Columna de Gonzalo Blumel: Piñera en tres momentos
Conocí a Sebastián Piñera el 2009, en el marco de su campaña presidencial. Colaboré en la elaboración de su programa de medioambiente, como cientos de profesionales que participaron en los Grupos Tantauco. Tenía 30 años y venía recién llegando de un posgrado en el extranjero.
Reconozco que, como se ha dicho tantas veces, me impresionó su velocidad mental y capacidad de trabajo. Sabía de todo, dominaba los datos con rigor y trabajaba, literalmente, de sol a sol. Sin feriados ni festivos. Me pidió estudiar en detalle los costos y plazos de uno de sus proyectos estrella: Un chileno, un árbol. “No basta con que la idea sea buena, también tiene que poder hacerse”, me dijo.
Con los años, no obstante, aprendí a conocer otras facetas de su liderazgo que me marcaron. Durante una década trabajando a su lado, en diversas posiciones, pude apreciar algunas cualidades que, creo, explican la forma en que ha crecido su figura con el tiempo.
La primera es el coraje con que enfrentaba las dificultades. Sobran los ejemplos. El caso más emblemático fue el rescate de los mineros. Recuerdo una reunión en La Moneda en agosto de 2011, el viernes previo a que los encontraran. En ese entonces, yo dirigía la División de Estudios de la Segpres, donde solíamos organizar encuentros con analistas y expertos en comunicaciones para comentar la contingencia, observaciones que luego reportábamos al Mandatario. En dicha reunión, unánimemente nos recomendaron terminar la búsqueda. “Se van a desangrar políticamente”, afirmó uno de los invitados. “Es puro costo”, señaló otro. Incluso, alguien propuso realizar unas exequias simbólicas. Por supuesto, Piñera no tomó en cuenta ninguna de esas opiniones y, 48 horas después, los benditos sondajes dieron con los mineros. El rescate fue una fiesta que se volvió un hito mundial.

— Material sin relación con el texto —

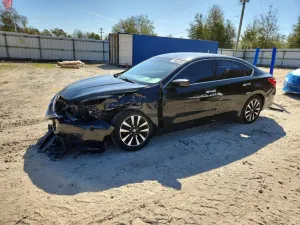 Nissan Altima 2.5L 4 2017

La segunda era su profundo sentido del deber. En mi memoria quedó grabada una conversación que sostuvimos en Paracas, Perú, en diciembre de 2016, adonde había sido invitado a un foro empresarial. Venía en un gran momento: Chile Vamos había ganado las municipales y él lideraba cómodamente en las encuestas. Era un hecho que si se presentaba obtendría un segundo mandato. Pese a ello, no daba ninguna señal en relación a la presidencial. Ni siquiera a quienes éramos sus más cercanos. En un instante dado, tarde en la noche y de regreso al hotel, me animé a preguntarle si se lanzaría. “Si dependiese solo de mí, por ningún motivo”, me respondió tajante. Argumentó que la política se había vuelto en extremo odiosa y virulenta. “Ya no hay grandeza, capacidad de diálogo ni buena voluntad”.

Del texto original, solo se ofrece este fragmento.